All Products
Search
Document Center

Container Service for Kubernetes:How to use Kube Queue on a Fleet instance and schedule PyTorchJob by using gang scheduling

Last Updated:Mar 05, 2025

PyTorch is a widely used machine learning framework that helps model developers implement multi-machine and multi-GPU distributed training jobs. In Kubernetes, you can use PyTorchJob to submit machine learning jobs within the PyTorch framework. This topic describes how to use Kube Queue to manage jobs on a Fleet instance and how to use the gang scheduling feature when you assign resources on a Fleet instance.

Architecture

To implement multi-machine and multi-GPU distributed training and ensure that the pods of the training jobs can run as expected, the workloads must comply with the gang scheduling semantics during scheduling. All workloads of the training job must be running or no workload must be running. The Fleet instance implements the scheduling of PyTorchJob across multiple clusters by using Kube Queue and ACK Scheduler to ensure that the gang semantics declared in PyTorchJob are maintained during scheduling.

image

Prerequisites

  • Cloud-native AI suite is installed in the sub-clusters. You need to only deploy Arena.

  • The Resource Access Management (RAM) policy AliyunAdcpFullAccess is attached to a RAM user. For more information, see Grant permissions to RAM users.

  • The AMC command-line tool is installed. For more information, see Use AMC.

  • (Optional) If resource reservation is enabled for the cluster, the Fleet instance uses resource reservation to ensure that the scheduling result of the Fleet instance is the same as the scheduling result of the sub-cluster. If resource reservation is disabled for a cluster, the Fleet instance evaluates resources and schedules jobs by comparing total number of remaining resources of all nodes in the sub-cluster with the total number of required resources. The following section describes how to enable resource reservation.

    Note

    To enable resource reservation, the Kubernetes version of the cluster must be 1.28 or later and the scheduler version must be 6.8.0 or later.

    1. Log on to the ACK console. In the left-side navigation pane, click Clusters.

    2. On the Clusters page, find the cluster that you want to manage and click its name. In the left-side navigation pane, choose Operations > Add-ons.

    3. On the Add-ons page, find the Kube Scheduler component, click Configuration to go to the Kube Scheduler Parameters page, set the enableReservation parameter to true, and then click OK.

(Optional) Step 1: Use ack-kube-queue to queue jobs and manage quotas

In a multi-cluster Fleet, you can use the ElasticQuotaTree to manage quotas and configure queues. This helps you queue a large number of jobs in multi-user scenarios.

  1. The following sample code provides an example on how to submit an ElasticQuotaTree.

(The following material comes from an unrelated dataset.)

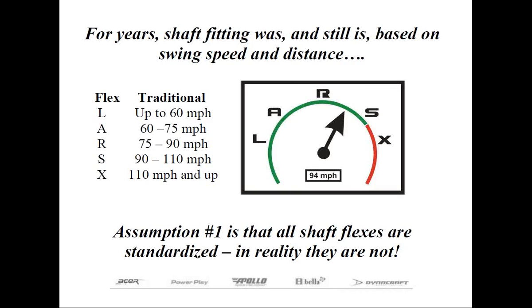Flexes are presented in a generic nomenclature. For example, L, or ladies flex, is the most flexible of the five flexes, and traditionally designed for golfers with swing speeds of 60 miles an hour or less. A flex, referred to as senior or amateur, is designed for driver swing speeds between 65 and 75 miles an hour. R, or regular flex, is geared for the average male golfer whose driver swing speed is between 75 and 90. S, or stiff flex, is designed for golfers with swing speeds usually between 90 and 110. And the stiffest is X, or extra stiff, designed for those who can swing their drivers above 110 miles an hour.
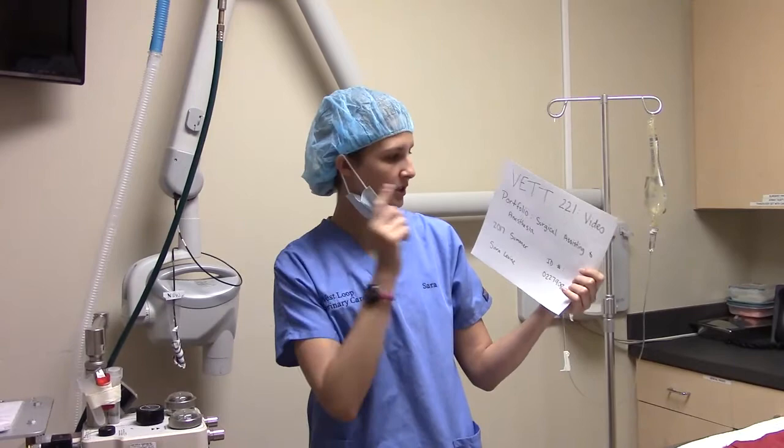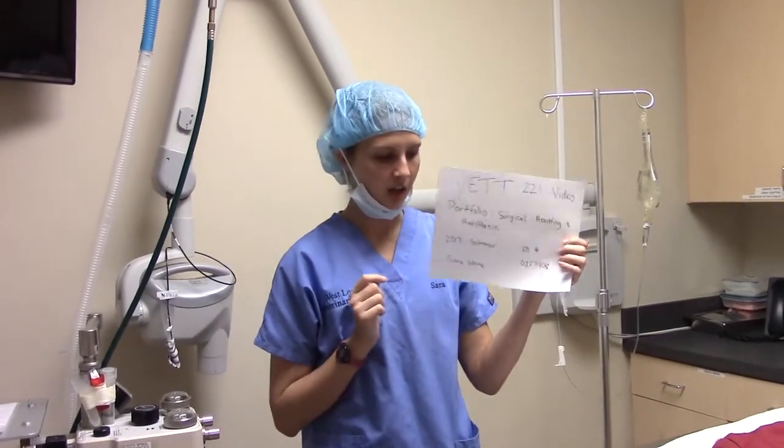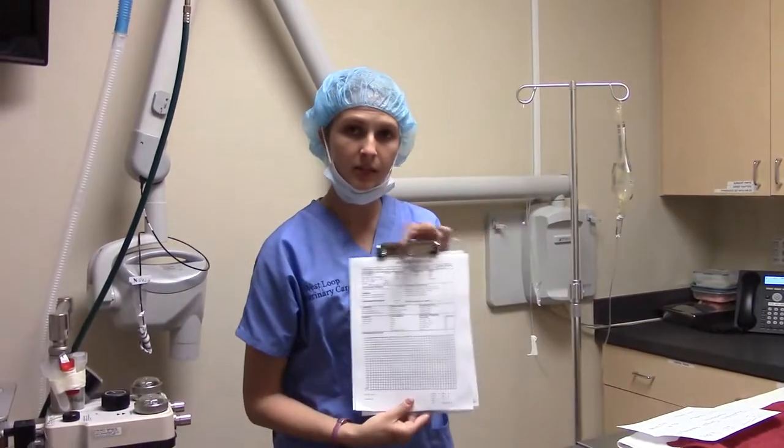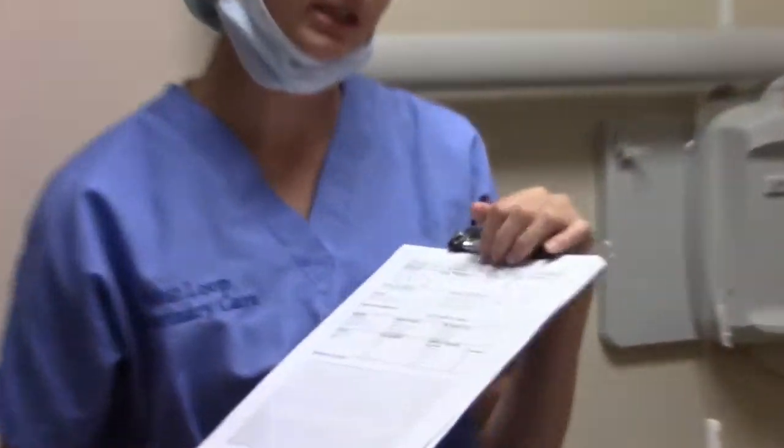Hi, my name is Sarah Levine and this is for VET 221, the video portfolio, surgical assisting and anesthesia. Today we are going to be doing a procedure on a nine-year-old spayed Yorkshire Terrier. We're going to be doing a dental assessment and treatment.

    Cluster administrators can submit an ElasticQuotaTree on the Fleet instance to configure job queues. In this example, a quota in the default namespace is configured, which includes a total of 10000 CPUs, 10000 GiB memory, 10000 GPUs, and 1 job.

    apiVersion: scheduling.sigs.k8s.io/v1beta1
    kind: ElasticQuotaTree
    metadata:
      name: elasticquotatree # Only single ElasticQuotaTree is supported. 
      namespace: kube-system # The elastic quota group takes effect only if you create the group in the kube-system namespace. 
    spec:
      root:
        name: root # The maximum amount of resources for the root must be equal to the minimum amount of resources for the root. 
        max:
          cpu: 999900
          memory: 400000Gi
          kube-queue/max-jobs: 10000000000
          nvidia.com/gpu: 100000
        min:
          cpu: 9999
          memory: 40Gi
        children:
        - name: child-2
          max:
            # Only one job can be dequeued at a time. 
            kube-queue/max-jobs: 1
            cpu: 10000
            nvidia.com/gpu: 10000
            memory: 10000Gi
          namespaces: # Configure the namespace. 
            - default
  2. Run the following command on the Fleet instance to view the ElasticQuotaTree and the queues created by Kube Queue:

    kubectl get queue -n kube-queue

    Expected output:

    NAME                 AGE
    root-child-2-v5zxz   15d
    root-kdzw7           15d

Step 2: Submit a PyTorchJob for multi-cluster scheduling

  1. Submit a PropagationPolicy on the Fleet instance and set Custom Policy to Gang.

    Use only the Gang scheduling policy

    When you use the gang scheduling feature, you must specify the customSchedulingType=Gang parameter in the submitted PropagationPolicy.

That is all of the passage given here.